S3 2010

Višnjan, July 30th - August 6th

Projects Workshops Lectures


Machine learning algorithms for face recognition

Humans are very effective at face recognition, but can we teach computers the same skill? Difficult problems such as finding criminals from security surveillance tapes, indentifying computer users using a web camera, tagging friends on pictures from on-line social networks and many others would greatly benefit from fast and automatized face recognition. Theoretical foundations from the field of machine learning, image analysis and pattern recognition might help us solve these problems. Furthermore, they are not limited to this usage solely - with minimal changes, it is possible to discover symptoms of disease in medical tests, discern music genres, reading human handwriting and many other operations, up to now limited only to humans.

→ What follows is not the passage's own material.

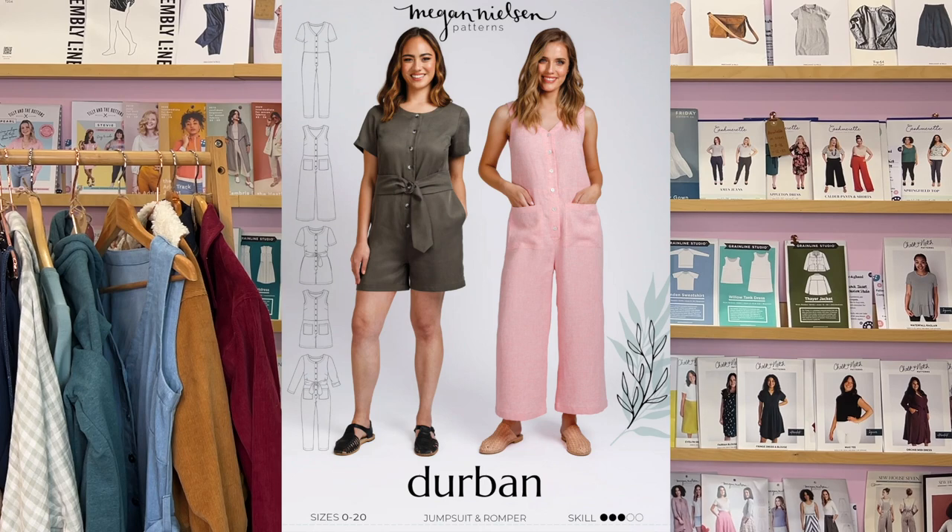The first kit I'm going to chat to you about is the one that I'm wearing. It is the Megan Nielsen Durban jumpsuit and this is a really amazing pattern because there's various different versions that you can make. There's different necklines, different widths and fits in the leg, you can add a belt or not, and there's different pocket combinations as well, so there's lots of ways to customise it.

The mission of this project will be the theoretical study of pattern recognition techniques and their practical application in the form of a face recognition program. We will implement the perceptron algorithm which is inspired by a signal transmission in neuron. To succesfully implement this algorithm we will go through a modern method of programming - the object-oriented paradigm. Additionally we will use image processing techniques to analyse input images and prepare them for the recognition process. In the end we will compare our implementation with the advanced support vector machine algorithm to check the quality of our results.

Drazen Lucanin
University of Zagreb, Croatia

Drazen is a fourth year student of computer science at the University of Zagreb. His main interests are program engineering and topics in the field of computer science, such as theoretical study of algorithms and artificial intelligence. During his studies and in his free time he took has done many different program sollutions - from compilers to video-conferencing clients, using diffrent implementation technologies. He is currently studying advanced user interfaces and graphical programming.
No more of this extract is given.